Is it really only now that the woman discovers that Eliyahu is
a man of God? Did she not already declare in her complaint, before he revived
her son, "What have I to do with you, O MAN OF GOD
And has she only just now realized that God's word in Eliyahu's
mouth is true? Did she not witness how, throughout the whole year, "the jar of
meal was not consumed, nor did the bottle of oil diminish, ACCORDING TO GOD'S
WORD WHICH HE HAD SPOKEN BY ELIYAHU'S HAND (16)?"
As a result of the realization of God's word as spoken by
Eliyahu, she and her son survived the entire year!
Indeed, the woman knew that Eliyahu was a man of God and that
his decree in God's Name was being fulfilled. But in all of this she did not
sense "truth." Not in the sense of fulfilling that which one has spoken, but in
the wider sense of the term: meaning a person who bears "truth" as the stamp of
God (see Shabbat 55a). God directs the world through a combination of two
traits that are mutually contradictory: the trait of strict justice and the
trait of mercy. But God, Who makes peace in the heavens, also makes peace
between these traits and brings them together in His running of the world. It is
the combination of both these traits that represents God's seal of truth.
Eliyahu has indeed been revealed to the woman of Tzarfat as a
"man of God" but only as a representative of the Divine trait of strict
justice. His presence at the gates of Tzarfat, like his year-long stay in her
home, has been a demanding one:
"Make ME from them a small cake FIRST and bring it out TO ME,
and make for yourself and for your son AFTERWARDS (13)."

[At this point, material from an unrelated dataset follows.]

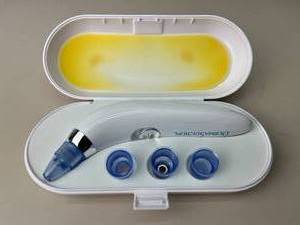 lot 45 image: DermaSuction Pore Extractor & Blackhead Removal Vacuum - In Excellent Condition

His decree that the jar of meal and the bottle of oil would not
run out was admittedly fulfilled, thereby proving without any doubt that Eliyahu
was a man of God and that God's word in his mouth was realized. But Eliyahu
decrees this miracle not out of mercy and compassion for the starving widow and
her son, but rather to facilitate the fulfillment of his demands. And these
demands concern the man of God himself.
This sense of Eliyahu as a man of God representing only the
trait of strict and demanding justice is expressed quite clearly by the widow
when she tells him:
(18) "What have I to do with you, O man of God; you have come
to me TO RECALL MY SIN AND TO PUT MY SON TO DEATH."
Thus far, Eliyahu has not represented God fully. He has
represented Him in only one dimension, and therefore the stamp of "truth" does
not emanate from God's word in his mouth; his representation is not complete.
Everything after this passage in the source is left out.